Nearly one year after an elevator outage left disabled residents at a Boston public housing complex essentially trapped in their apartments, GBH News returned to find that elevator repaired but a more widespread problem of broken and unreliable elevators at other buildings in the same complex. Residents say they feel trapped, in fear of getting stuck in an elevator or stranded in their own apartment.
“I’m paranoid, I have to go with somebody in the elevator because I’m so afraid of it,” said a resident who asked to be identified only as Sonia.
She uses a wheelchair and lives in a fifth floor apartment in the Ruth Barkley Apartments in Boston’s South End neighborhood.
“I was taking my son to school … and we got stuck, and it wouldn’t open,” said Sonia.
She said the local fire department had to open the elevator doors. It’s a long-running problem in the building.
In the first seven months of the year, Boston firefighters responded to the complex at least eight times to free people trapped in malfunctioning elevators, according to city records.
The complex is run by the Boston Housing Authority, the largest provider of housing in the city and the largest public housing authority in New England. Residents in two high rise buildings describe the same scenario: two elevators in each building — one that’s out of service and another that’s unreliable.
“[It] shuts down and it reopens and shuts down again, reopens. It’s awful,” said Sonia of the one working elevator in her building.
BHA told GBH News it plans to start repairs in the coming months but doesn’t have enough money to address all the elevator needs.
It’s part of a larger issue across the city: The BHA said one third of the 101 elevators across all its properties are at or near “end of life.”
Unreliable elevators
The elevator problems at Ruth Barkley, a complex in Boston’s South End built in 1950, have left residents like Sonia and others in despair.
“We’ve gone, we’ve called, we complain, but nobody is hearing what we have to say,” said Fred Mazyck, a resident who uses a cane and lives on the 10th floor
Residents also said elevators often shake and skip floors.
“It’s a ghost elevator. Sometimes it will go from the first floor to the 12th floor, stopping nowhere in the middle, or it’ll go on floor nine and stay there. Someone has to go to nine to bring it back down or bring it back up,” said Mazyck.
In his building, Mazyck said that one “unreliable” elevator for 13 floors and 60 units “just isn’t going to cut it.”
“There’s a lot of elderly people and a lot of disabled people like myself in the building. You know we’re not going to be on the team for track and field. We’re not going to be able to go up and down those stairs like that,” said Mazyck.
On a recent warm day Sonia was grateful that the elevator was working so she was able to take her young daughter out.
“It’s difficult for me because I can’t come out of my apartment because of the elevator, and it’s hard on my daughter because she wants to come down with me.

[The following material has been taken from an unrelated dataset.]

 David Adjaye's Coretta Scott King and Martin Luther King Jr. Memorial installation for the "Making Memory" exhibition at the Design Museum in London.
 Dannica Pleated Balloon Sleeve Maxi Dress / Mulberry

And we have to stay upstairs because the elevator doesn’t work,” said Sonia.
One wary resident, who uses a wheelchair, said she’s been trapped multiple times in her building’s elevator. She lives on the 9th floor and described sliding down the stairs on multiple occasions when both elevators were out of service.
“We’re people, too. And just because we live in housing, we shouldn’t have to live like we’re not worth the money,” said the resident, who declined to be identified because she said she fears retaliation.
More funding needed
The BHA said one elevator at Ruth Barkley Apartments is a “long term outage” — out of service for about a year because replacement parts are no longer available. It plans to start overhauling that elevator in the coming months and will spend $6 million on elevators alone at Ruth Barkley.

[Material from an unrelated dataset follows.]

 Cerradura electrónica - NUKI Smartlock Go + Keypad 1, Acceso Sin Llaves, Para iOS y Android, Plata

But funding falls far short of needs. Fully modernizing an elevator costs between $1.5 and $5 million dollars according to the BHA. And elevators are just one of many costly major repairs needed in Boston’s public housing.

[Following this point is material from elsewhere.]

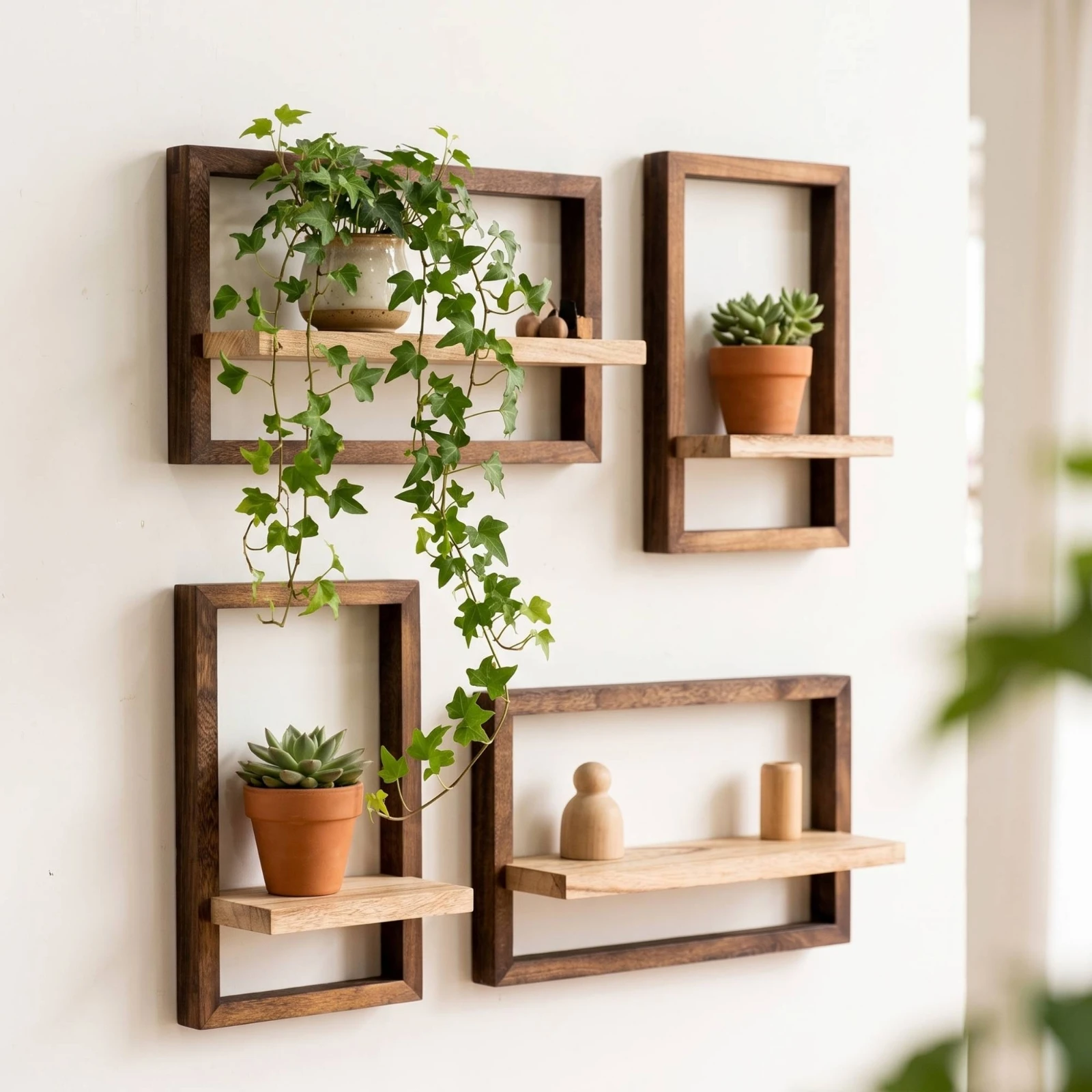 4 Pieces Floating Shelves with Rectangular Frames Space-Saving Wooden Floating Shelves Hanging Shelf Stylish for Living Room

The BHA says it receives between $30 and $35 million each year from the federal government for all capital upgrades across a portfolio of 8,000 federal public housing units but estimates $1.5 billion is needed.
“This issue is symptomatic of decades of underfunding in the Public Housing program, which has resulted in crucial facilities, such as roofs, plumbing and elevators, remaining in service past their useful life,” Brian Jordan, BHA spokesperson, wrote in an emailed statement.
The BHA said it offers temporary relocations to disabled residents. Resident Sonia said several months ago she’d taken up the offer.
“I asked them if they’re going to fix the elevator. They said it’s not going to work because they don’t have the parts to it,” said Sonia. ”Then the other one shuts down. They put me in a hotel with my kids for five days. [We] come back, there’s a problem with the elevator again.”